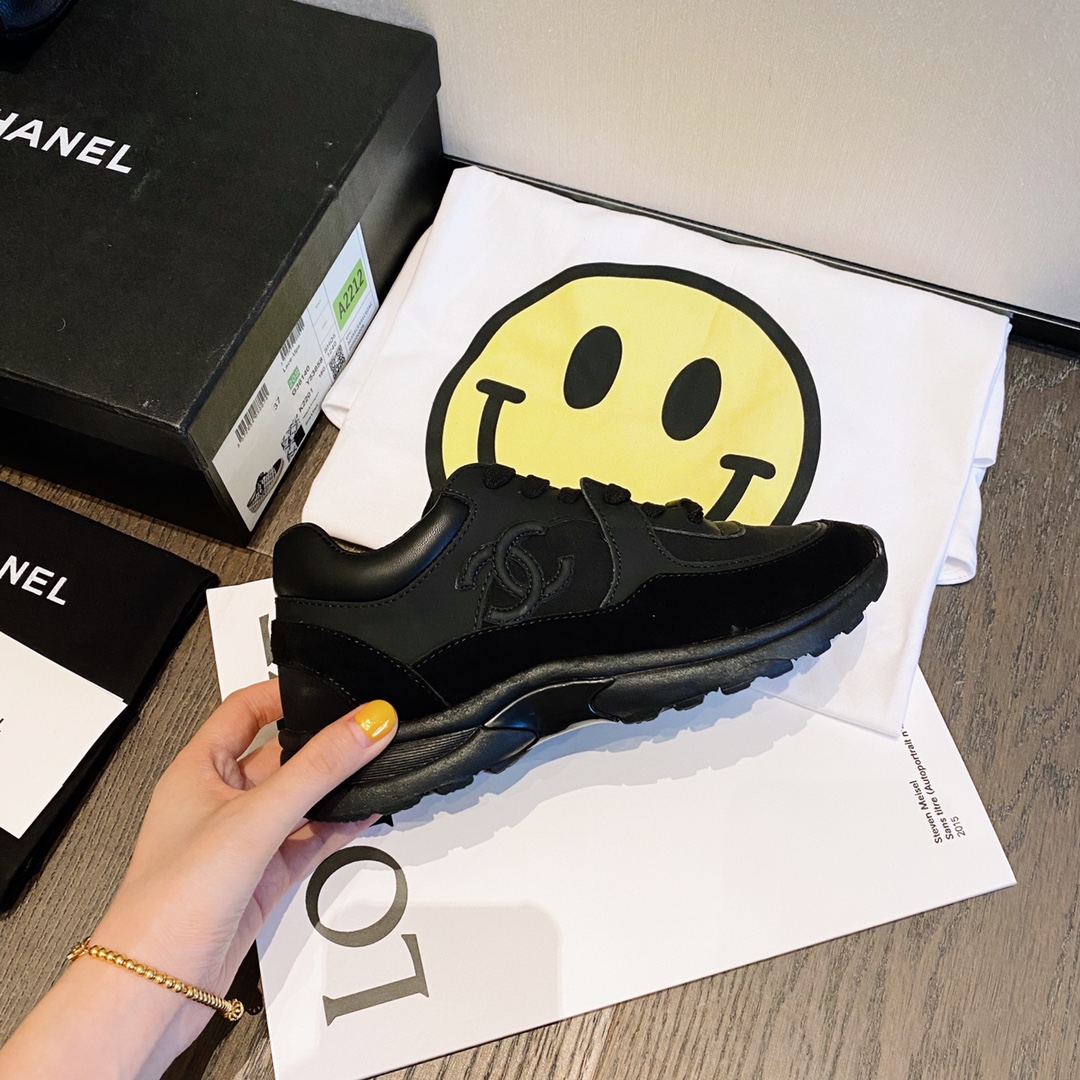 Ch@nel Sneakers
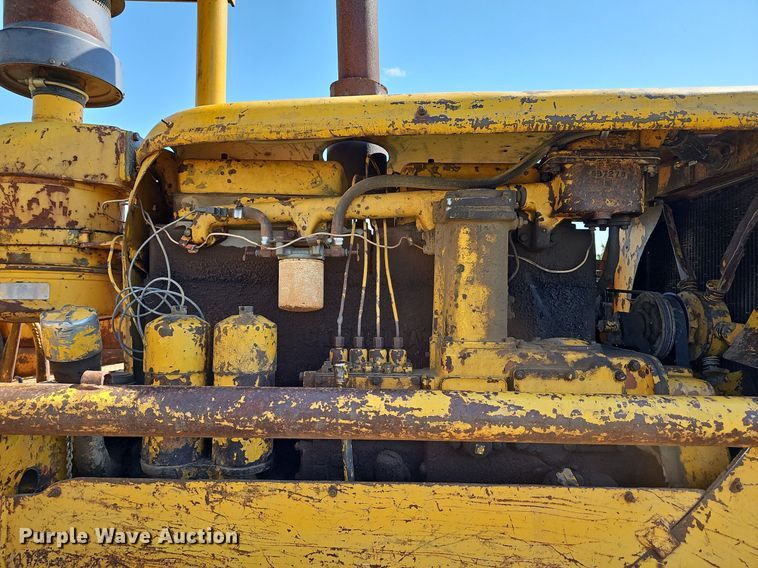 image for item NU9123 Caterpillar D7-3T  dozer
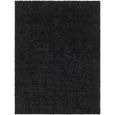 Cloudy Rug - High Pile Shaggy - Black - Sizes Available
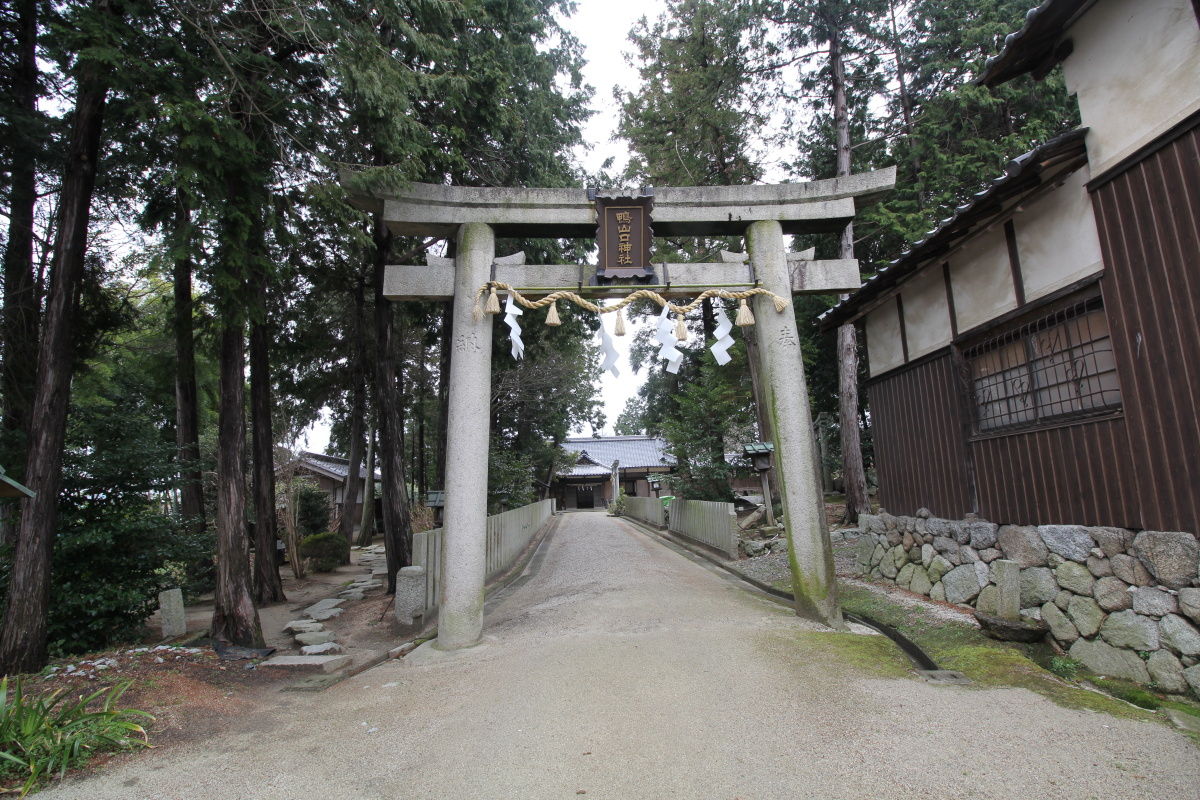 上葛駅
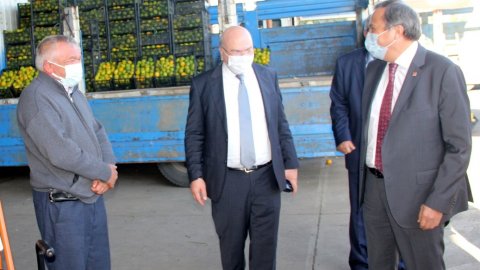 CHP Genel Başkan Yardımcısı Torun, Ordu'da KOBİ'leri ziyaret etti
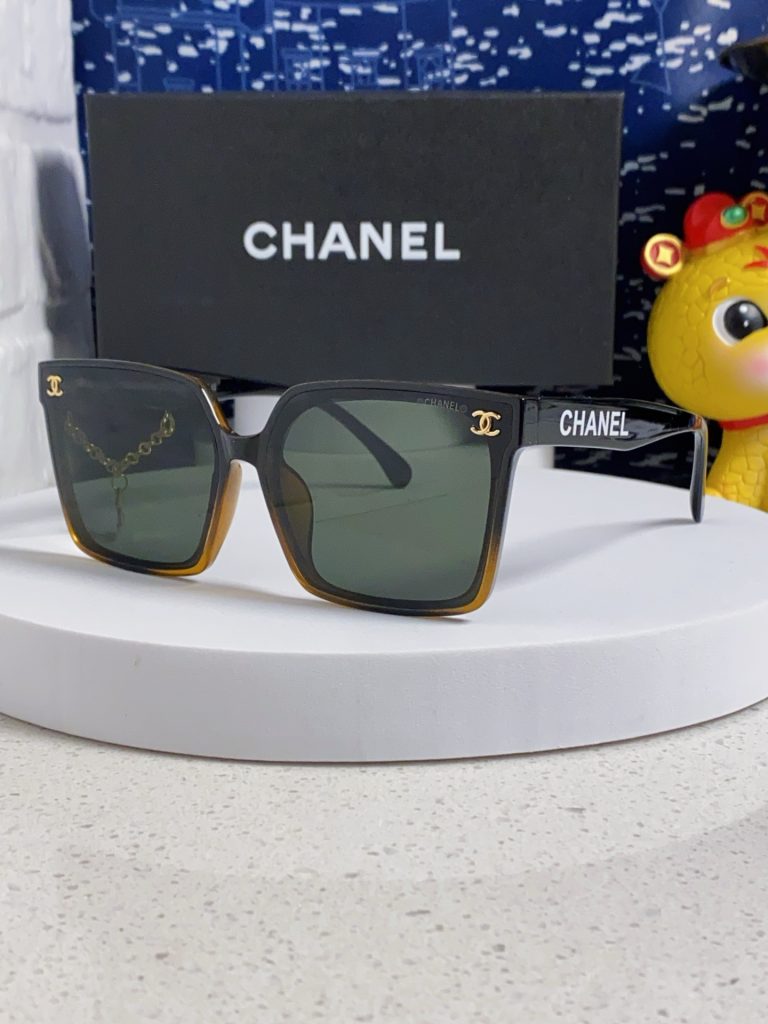 CHANEL シャネル メガネ サングラス 2025年新作 フレーム 防曇 多色展開 レディ…|旅行に使いやすいファッションアイテムを写真…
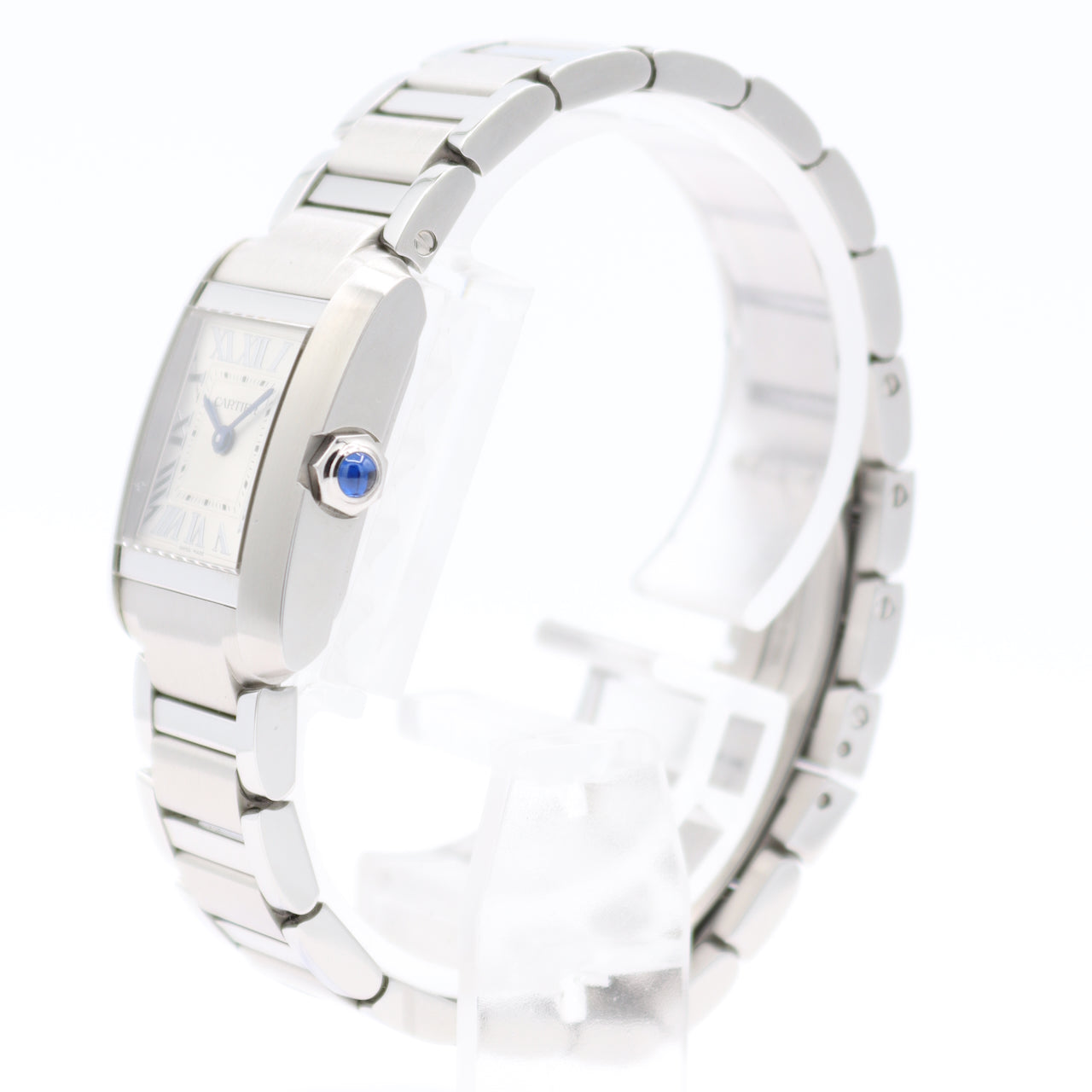 Cartier Tank Francaise  WSTA0065
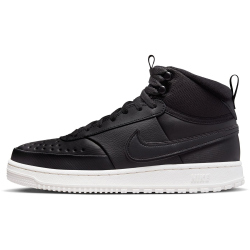 NIKE Court Vision Mid-Top Winterschuhe Herren 002 -...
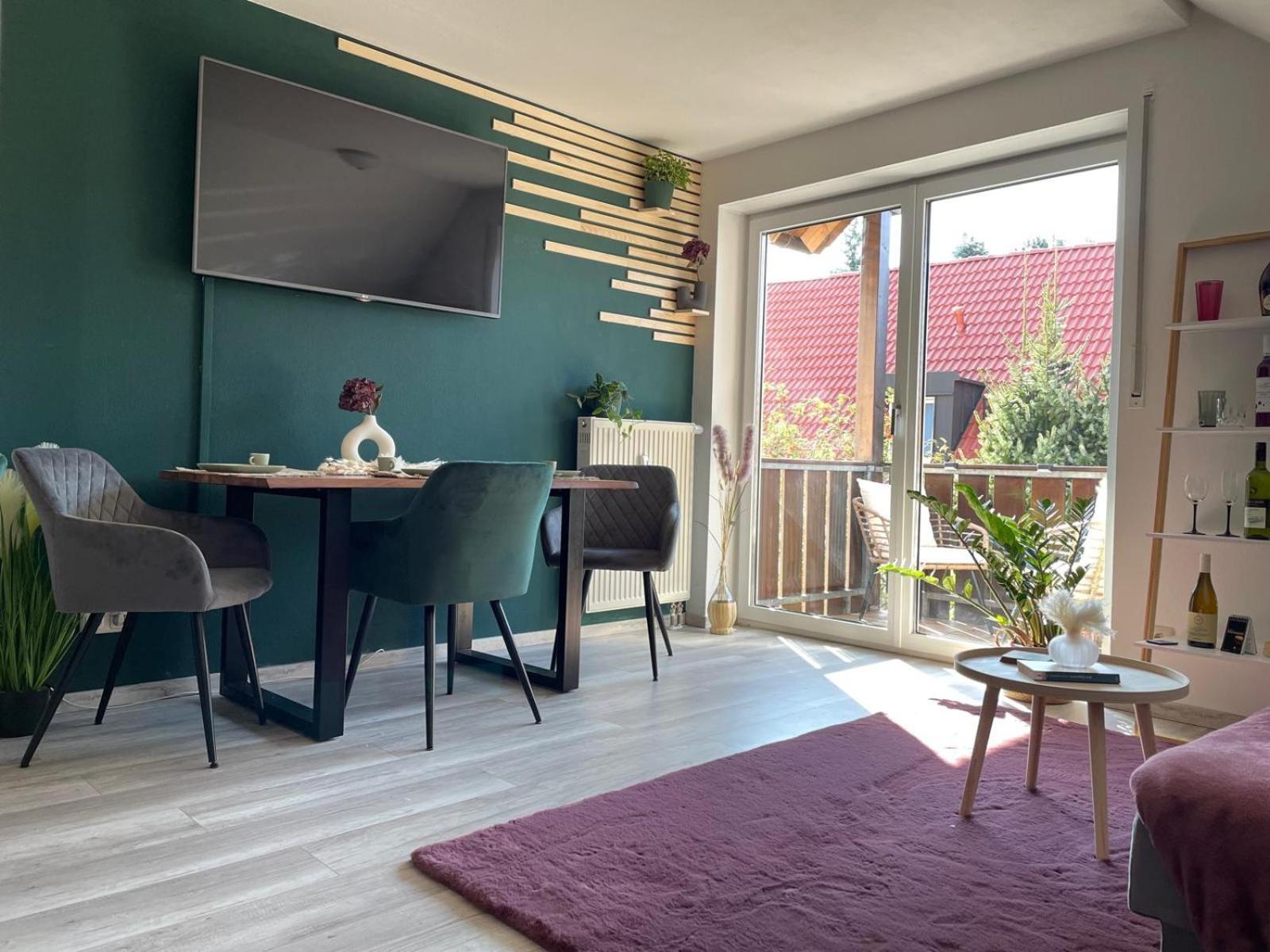 Apartmán Insight Workaction Audi Balkone Ambiente Ingolstadt Exteriér fotografie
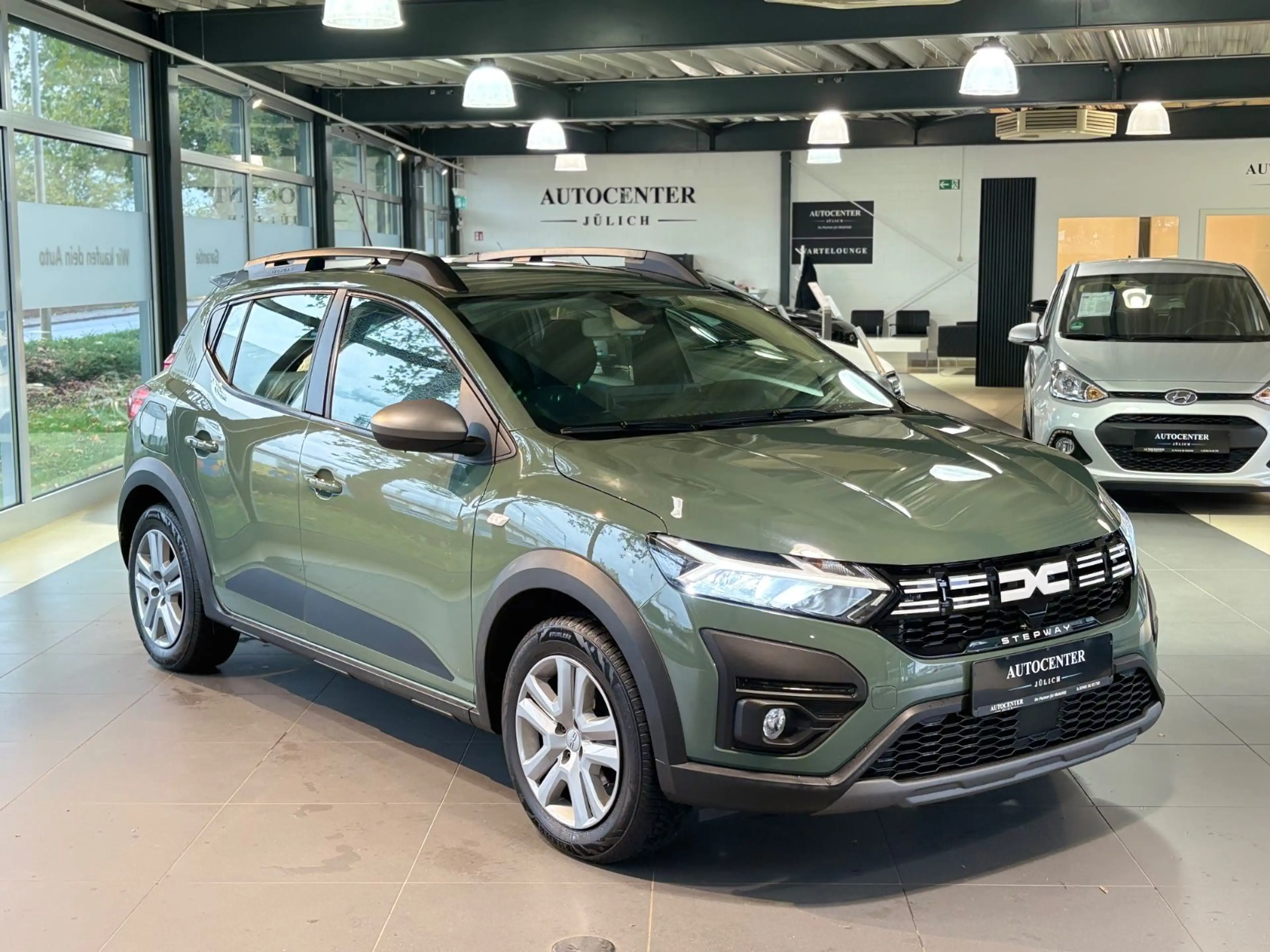 Dacia Sandero III Stepway Expression*Wenig km*8-Fach — photo 3
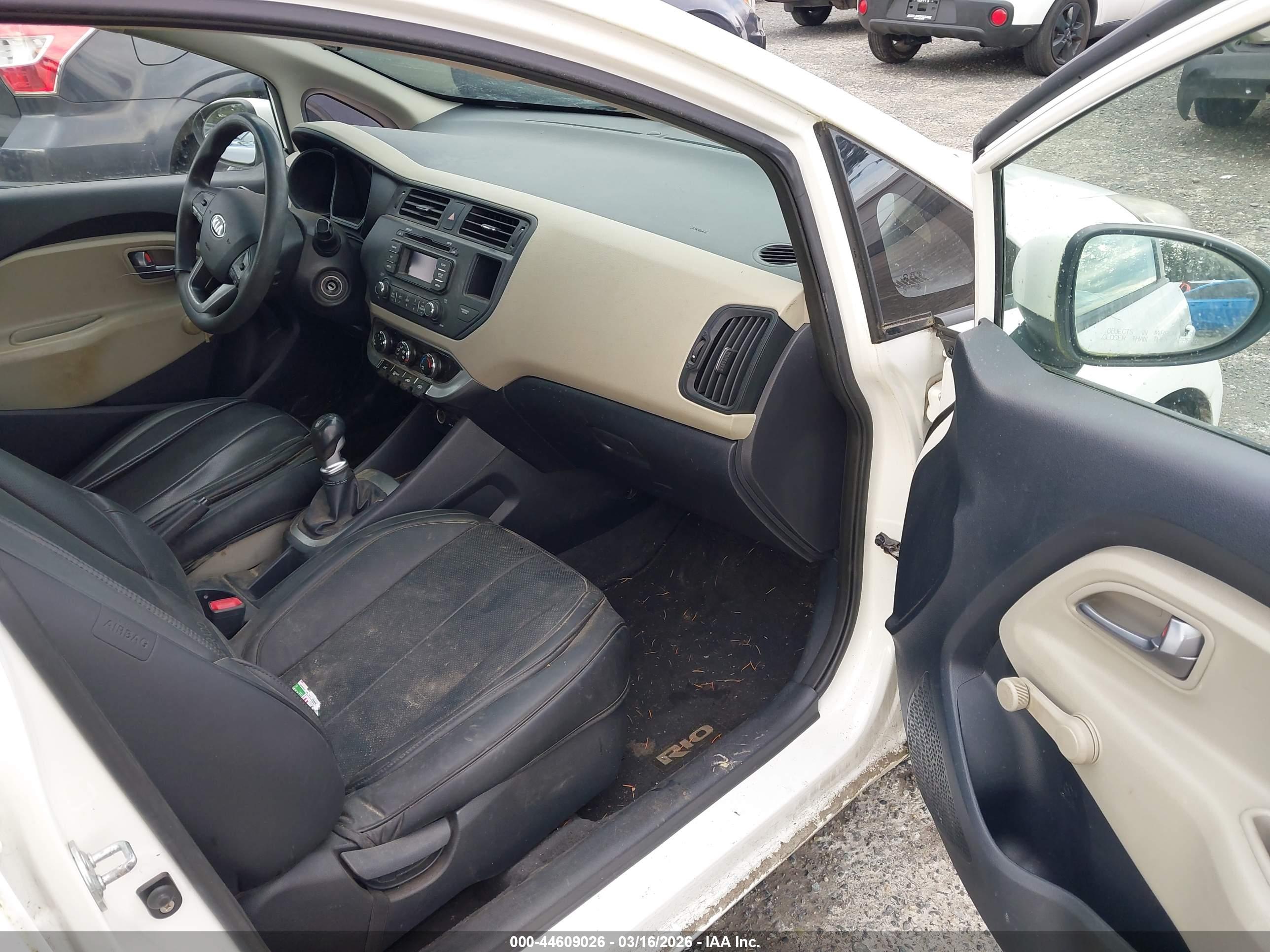 KIA RIO image 5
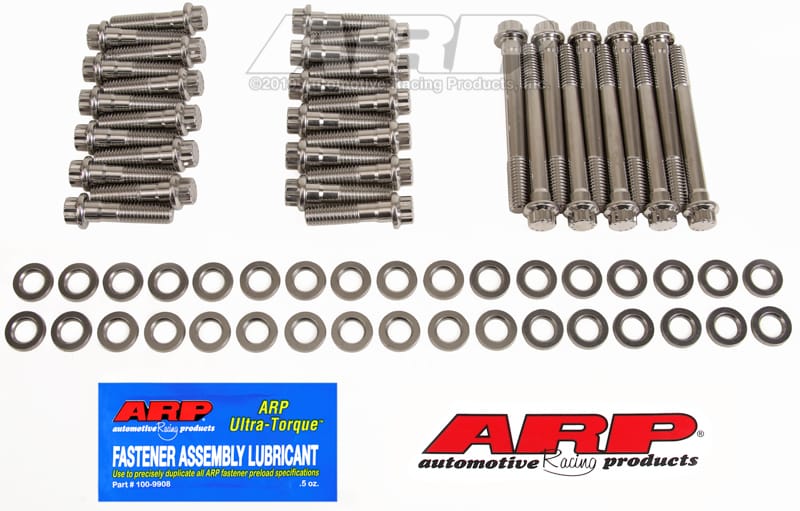 ARP — ARP BB Mopar R and RB Wedge SS 12pt Head Bolt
....
> [WHAT YOU WILL DO] Make a word-for-word copy of the entries, without any pictures.

> [ANSWER SECTION]
 Ch@nel Sneakers
 image for item NU9123 Caterpillar D7-3T  dozer
 Cloudy Rug - High Pile Shaggy - Black - Sizes Available
 上葛駅
 CHP Genel Başkan Yardımcısı Torun, Ordu'da KOBİ'leri ziyaret etti
 CHANEL シャネル メガネ サングラス 2025年新作 フレーム 防曇 多色展開 レディ…|旅行に使いやすいファッションアイテムを写真…
 Cartier Tank Francaise  WSTA0065
 NIKE Court Vision Mid-Top Winterschuhe Herren 002 -...
 Apartmán Insight Workaction Audi Balkone Ambiente Ingolstadt Exteriér fotografie
 Dacia Sandero III Stepway Expression*Wenig km*8-Fach — photo 3
 KIA RIO image 5
 ARP — ARP BB Mopar R and RB Wedge SS 12pt Head Bolt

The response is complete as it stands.